The object I am serializing (State) holds a list of another object (MapWrapper) which in turn holds a single collection. Depending on the collection, I get different results from my comparison code.

Here is the MCVE:

import java.io.ByteArrayInputStream;
import java.io.ByteArrayOutputStream;
import java.io.IOException;
import java.io.ObjectInputStream;
import java.io.ObjectOutputStream;
import java.io.Serializable;
import java.util.ArrayList;
import java.util.Arrays;
import java.util.HashMap;
import java.util.List;
import java.util.Map;

public class Test {

    public static void main(String[] args) {

        State state = new State();
        state.maps.add(new MapWrapper());

        byte[] pBA = stateToByteArray(state);
        State pC = byteArrayToState(pBA);
        byte[] zero = stateToByteArray(pC);
        System.out.println(Arrays.equals(pBA, zero)); // see output below
        State pC2 = byteArrayToState(pBA);
        byte[] zero2 = stateToByteArray(pC2);
        System.out.println(Arrays.equals(zero2, zero)); // always true
    }

    public static byte[] stateToByteArray(State s) {

        try {
            ByteArrayOutputStream bos = new ByteArrayOutputStream();
            ObjectOutputStream oos = new ObjectOutputStream(bos);
            oos.writeObject(s);
            return bos.toByteArray();
        } catch (IOException e) {
            e.printStackTrace();
        }
        return null;
    }

    public static State byteArrayToState(byte[] bytes) {

        ObjectInputStream ois;
        try {
            ois = new ObjectInputStream(new ByteArrayInputStream(bytes));
            return (State) ois.readObject();
        } catch (IOException | ClassNotFoundException e) {
            e.printStackTrace();
        }
        return null;
    }
}

class State implements Serializable {

    private static final long serialVersionUID = 1L;

    List<MapWrapper> maps = new ArrayList<>();
}

class MapWrapper implements Serializable {

    private static final long serialVersionUID = 1L;

    // Different options, choose one!
//  List<Integer> ints = new ArrayList<>();       true
//  List<Integer> ints = new ArrayList<>(3);      true
//  Map<String, Integer> map = new HashMap<>();   true
//  Map<String, Integer> map = new HashMap<>(2);  false
}

For some reason, if MapWrapper contains a HashMap (or LinkedHashMap) and is initialized with an initial capacity, the serialization gives a different result than a serialization-deserialization-serialization.

I added a 2nd iteration of deserialization-serialization and compared to the 1st.

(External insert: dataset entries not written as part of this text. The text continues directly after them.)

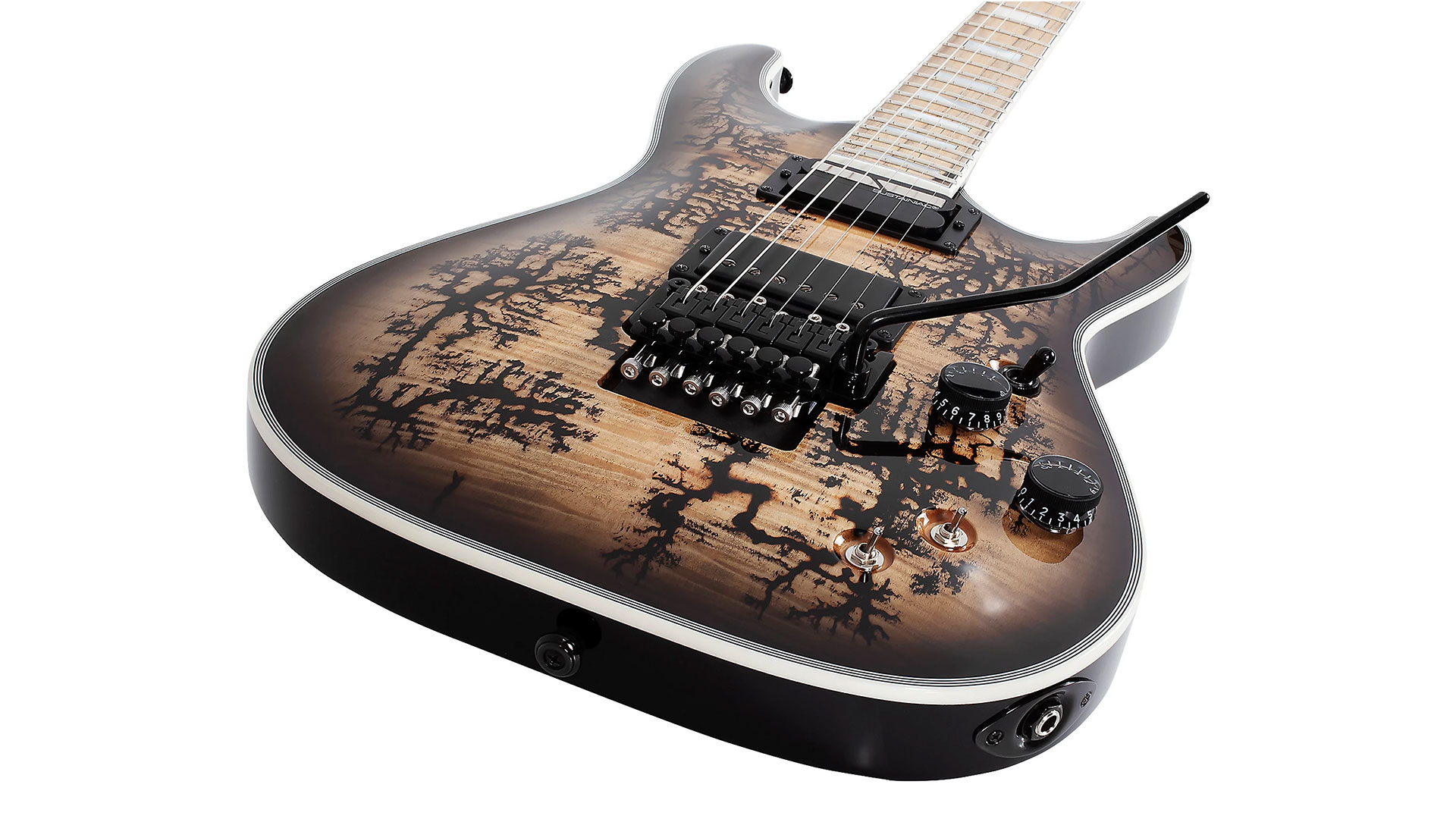 Schecter C-1 Electro-Resin FS-R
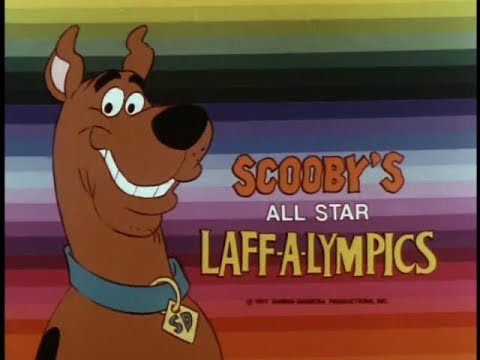 Scooby's All Star Laff-A-Lympics (1977) - Intro (480p)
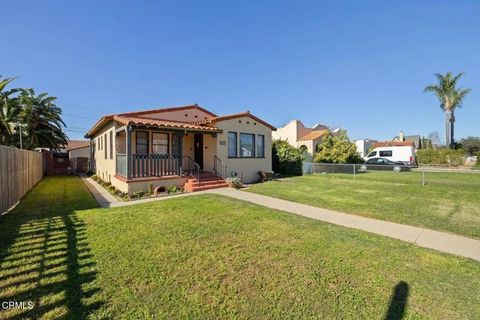 Tiny photo for 653 S G Street, Oxnard, CA 93030 (MLS # V1-35586)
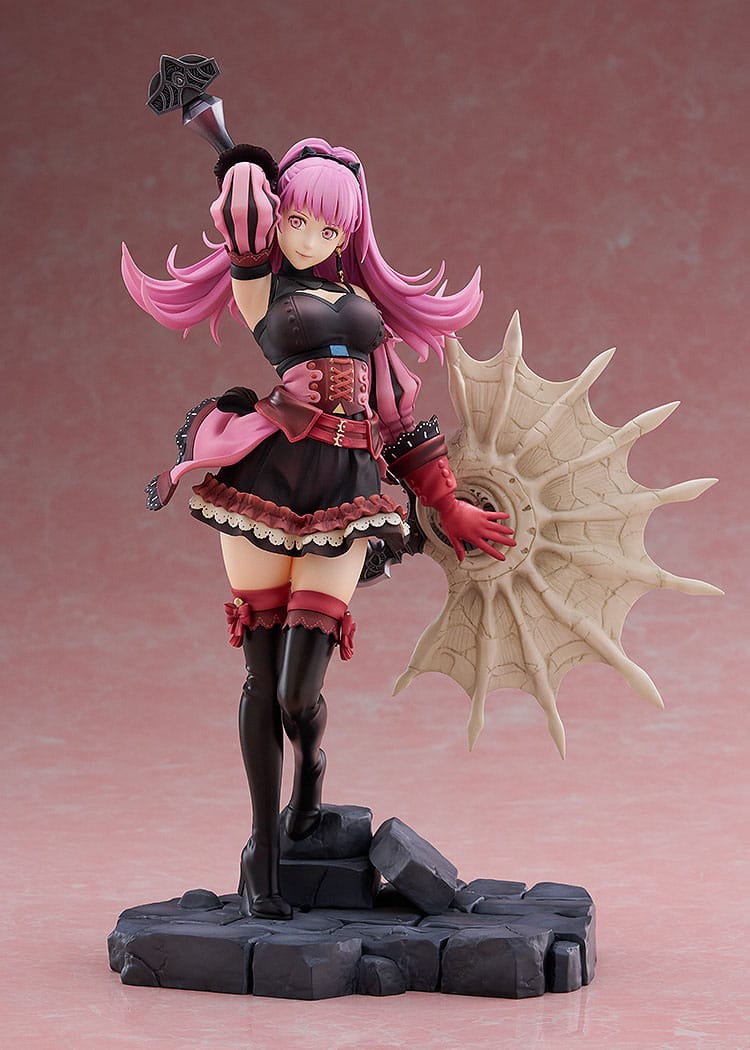 fire emblem three houses hilda scale figure ()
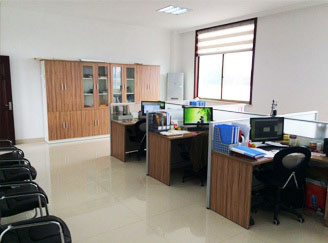 Plant area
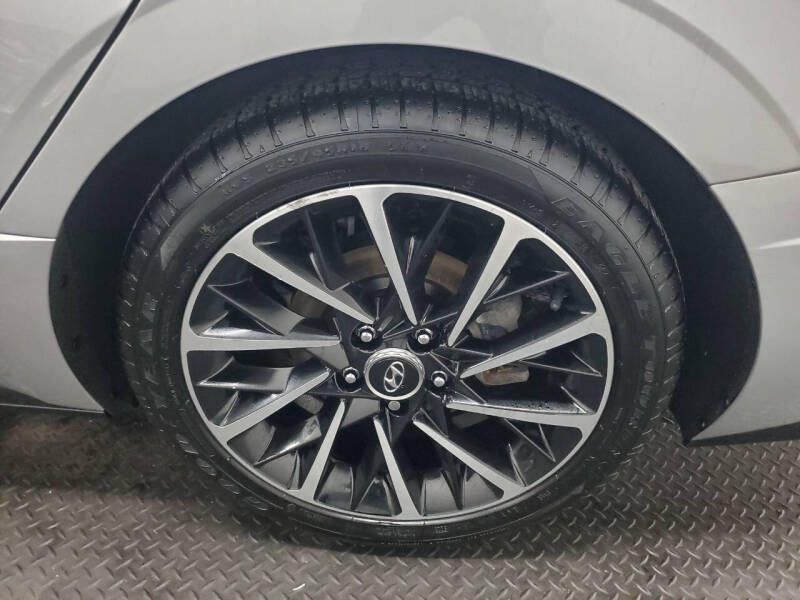 2020 Hyundai Sonata SEL Plus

They are always equal. The difference manifests only after the first iteration.

Note that I must create a MapWrapper and add it to the list in State, as done in the start of main, to cause this.

As much as I know, the initial capacity is a performance parameter only. Using the default one or a specified one should not change behavior or functionality.

I am using jdk1.8.0_25 and Windows7.

Why does this happen?

user1803551
  • 12,965
  • 5
  • 47
  • 74
  • 3
    Why are you surprised? If using the "initial capacity" constructor would not have an effect on your map, why would that constructor exist in the first place? What I mean is: maps are actually pretty complex thingies; and as they deal with multiple objects added to them, the question how/if the map "capacity" is handled must be a "complicated" thing, too. So why do you expect that two objects that were "setup" in slightly different ways do the exact same thing? – GhostCat Jul 28 '16 at 11:48
  • 1
    @GhostCat Then a list should exhibit the same behavior. Besides, look at the code, I'm changing the object *prior* to any serialization, not between them. I expect to get the same object after subsequent serialization-deserialization. It is a method of deep copying. I also updated the code with another iteration of de/serialization and it is always the same as the first iteration. – user1803551 Jul 28 '16 at 11:52

1 Answers1

2

The following line and comment in the HashMap source code of readObject explains the difference:

s.readInt();                // Read and ignore number of buckets

Indeed, looking at the hex of the bytes, the difference is between a number 2 (your configured number of buckets) and a number 16 (the default number of buckets). I haven't checked that's what this particular byte means; but it'd be quite a coincidence if it's something else, considering that's the only difference.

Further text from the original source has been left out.